Nella letteratura mistica islamica si possono trovare parallelismi delle principali preoccupazioni di Lullo. Aveva la nozione che una approssimazione al Dio vero poteva essere trovata nella contemplazione dei nomi divini. Chiamava i nomi divini ‘dignità’ o ‘virtù’, e nella forma definitiva della sua Arte ne incluse nove: bontà, grandezza, durata, potere, sapienza, volontà, virtù, verità e gloria. Raimondo pensava che attaverso la contemplazione di diverse combinazioni di questi nomi, che sono comuni a tutte le religioni, si potesse giungere ad un’intesa tra musulmani ed ebrei, tra i cristiani greci e quelli latini. Seguendo questo punto di vista, compose dialoghi, come il Libro del gentile, nel quale gli uomini di senno rappresentano le diverse religioni del mondo.

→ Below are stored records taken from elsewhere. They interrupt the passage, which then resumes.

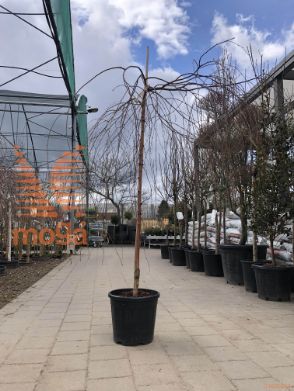 Betula pendula "Youngii" |Half standard|C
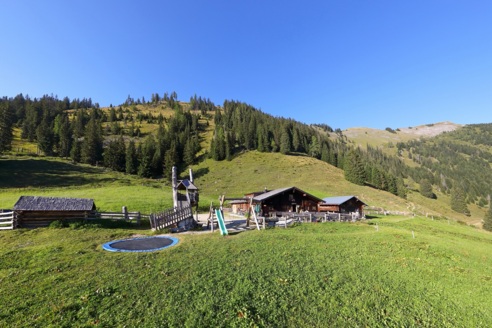 Unterwandalm, 1.600 m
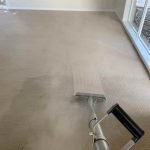 Carpet Cleaning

Fonte: Charles Lohr, “Ramon Llull: ‘christianus arabicus’”, Randa 19, 1986, pp. 9-11.

Diversi studiosi hanno cercato di precisare i prestiti arabi concreti di alcuni aspetti del pensiero di Lullo senza poter portare, però, prove definitive. Uno degli ultimi tentativi è quello di Charles Lohr nell’articolo su citato di Randa 19. Vi propone una forma araba per la forma definitiva dell’Arte lulliana (1289-1308: dall’Ars inventiva, alla Tavola generale, all’Ars generalis ultima): il Budd al-‛arif del filosofo e teologo musulmano Ibn Sab‛in di Mursia (1217/18-1269/71). La logica del Budd al-‛arifoffre, in effetti, alcuni parallelismi spiccati con la Logica nuova di Lullo (1303).

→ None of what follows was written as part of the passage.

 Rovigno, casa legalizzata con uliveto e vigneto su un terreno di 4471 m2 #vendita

La Vita coetanea spiega che Raimondo Lullo apprese l’arabo con uno schiavo moro della sua proprietà. Quando Lullo cercò di condurre il suo maestro al cristianesimo, questi si ribellò fino al punto di aggredire il suo padrone. Il castigo di uno schiavo ribelle era la morte: quello di Lullo si tolse la vita in prigione mentre lui pregava Dio che alleviasse la sua angoscia. Questo commovente aneddoto illustra la tensione costante che accompagnava le relazioni tra cristiani e musulmani nel secolo XIII, perfino quando c’era una particolare predisposzione all’intesa, come era il caso di Lullo.